3dMSS


             ================== Welcome to 3dMSS ==================
       Program for Voxelwise Multilevel Smoothing Spline (MSS) Analysis
#+++++++++++++++++++++++++++++++++++++++++++++++++++++++++++++++++++++++++++
Version 1.0.6, Sept 24, 2023
Author: Gang Chen (gangchen@mail.nih.gov)
Website - https://afni.nimh.nih.gov/gangchen_homepage
SSCC/NIMH, National Institutes of Health, Bethesda MD 20892, USA
#+++++++++++++++++++++++++++++++++++++++++++++++++++++++++++++++++++++++++++

Introduction
------

 Multilevel Smoothing-Spline (MSS) Modeling

 The linearity assumption surrounding a quantitative variable in common
 practice may be a reasonable approximation especially when the variable
 is confined within a narrow range, but can be inappropriate under some
 circumstances when the variable's effect is non-monotonic or tortuous.
 As a more flexible and adaptive approach, multilevel smoothing splines
 (MSS) offers a more powerful analytical tool for population-level
 neuroimaging data analysis that involves one or more quantitative
 predictors.
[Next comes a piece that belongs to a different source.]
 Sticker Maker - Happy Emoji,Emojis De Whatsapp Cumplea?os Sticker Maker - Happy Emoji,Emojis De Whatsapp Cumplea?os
More theoretical discussion can be found in

 Chen, G., Nash, T.A., Cole, K.M., Kohn, P.D., Wei, S.-M., Gregory, M.D.,
 Eisenberg, D.P., Cox, R.W., Berman, K.F., Shane Kippenhan, J., 2021.
 Beyond linearity in neuroimaging: Capturing nonlinear relationships with
 application to longitudinal studies. NeuroImage 233, 117891.
 https://doi.org/10.1016/j.neuroimage.2021.117891

 Chen, G., Taylor, P.A., Reynolds, R.C., Leibenluft, E., Pine, D.S.,
 Brotman, M.A., Pagliaccio, D., Haller, S.P., 2023. BOLD Response is more
 than just magnitude: Improving detection sensitivity through capturing
 hemodynamic profiles. NeuroImage 277, 120224.
 https://doi.org/10.1016/j.neuroimage.2023.120224

 To be able to run 3dMSS, one needs to have the following R packages
 installed: "gamm4" and "snow". To install these R packages, run the
 following command at the terminal:

 rPkgsInstall -pkgs "gamm4,snow"

 Alternatively you may install them in R:

 install.packages("gamm4")
 install.packages("snow")

 It is best to go through all the examples below to get hang of the MSS
 scripting interface. Once the 3dMSS script is constructed, it can be run
 by copying and pasting to the terminal. Alternatively (and probably better)
 you save the script as a text file, for example, called MSS.txt, and execute
 it with the following (assuming on tc shell),

 nohup tcsh -x MSS.txt &

 or,

 nohup tcsh -x MSS.txt > diary.txt &

 or,

 nohup tcsh -x MSS.txt |& tee diary.txt &

 The advantage of the latter commands is that the progression is saved into
 the text file diary.txt and, if anything goes awry, can be examined later.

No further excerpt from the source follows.